| What is being asked |
Apart from the pictures, write out all the records exactly.

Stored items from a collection
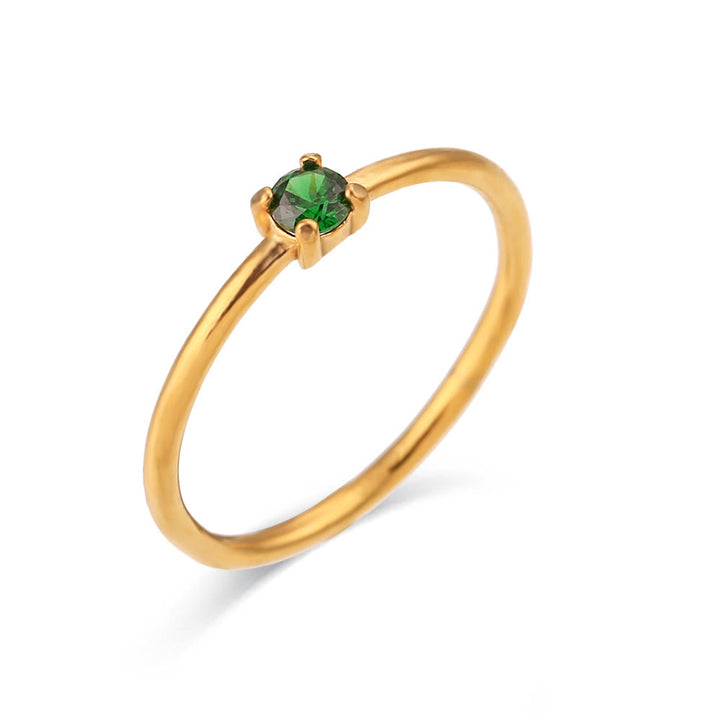 Anillo de acero inoxidable chapado en oro de 18 quilates con piedra natal simple de Olivenorma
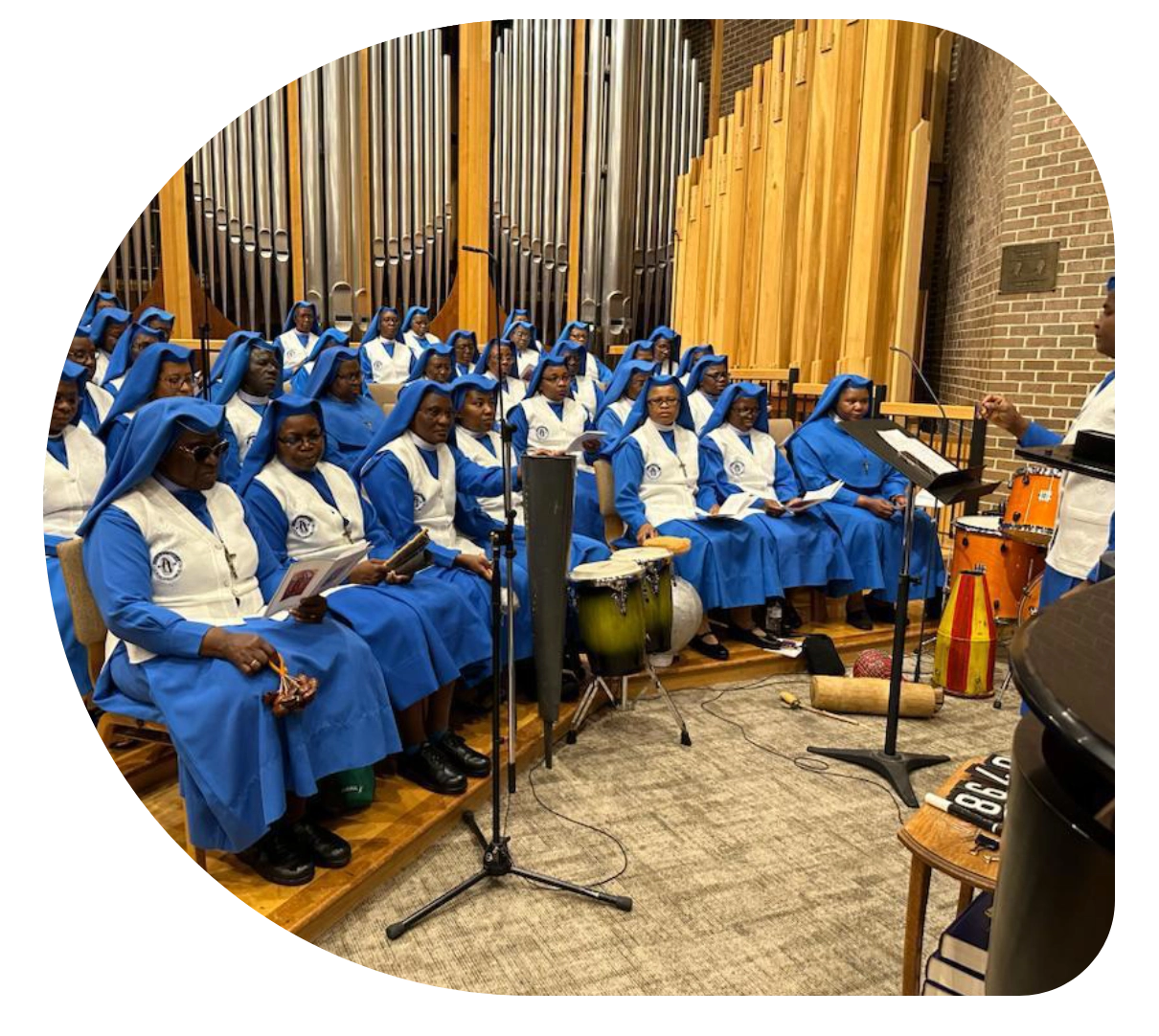 A choir dressed in blue robes singing in a church.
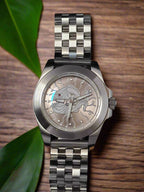 Silver watch with a detailed face on a table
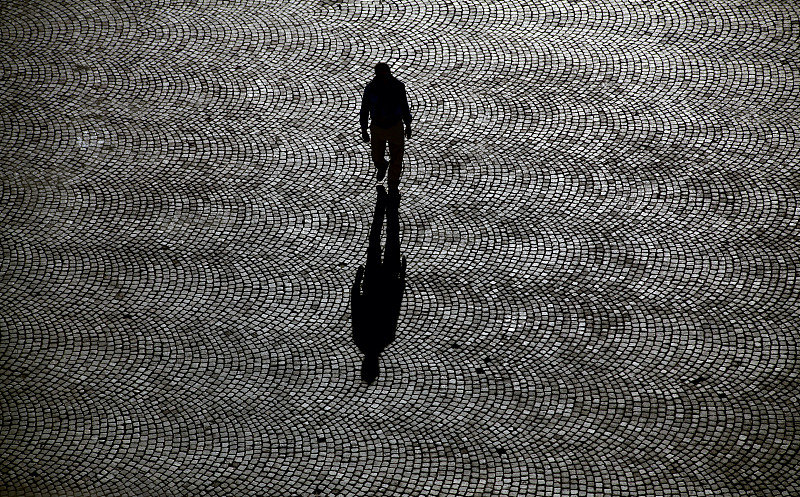 一个人独自走在铺满鹅卵石的街道上图片素材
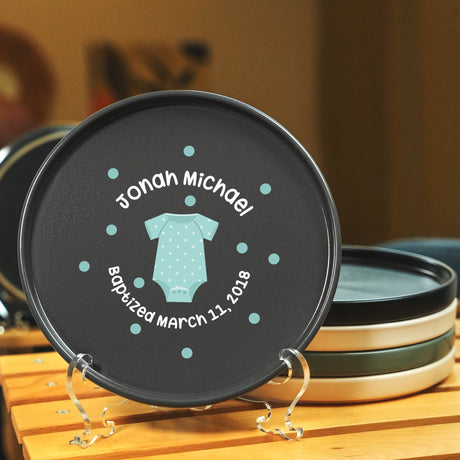 a black plate with a baby's t - shirt on it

| Finished exercise |
 Anillo de acero inoxidable chapado en oro de 18 quilates con piedra natal simple de Olivenorma
 A choir dressed in blue robes singing in a church.
 Silver watch with a detailed face on a table
 一个人独自走在铺满鹅卵石的街道上图片素材
 a black plate with a baby's t - shirt on it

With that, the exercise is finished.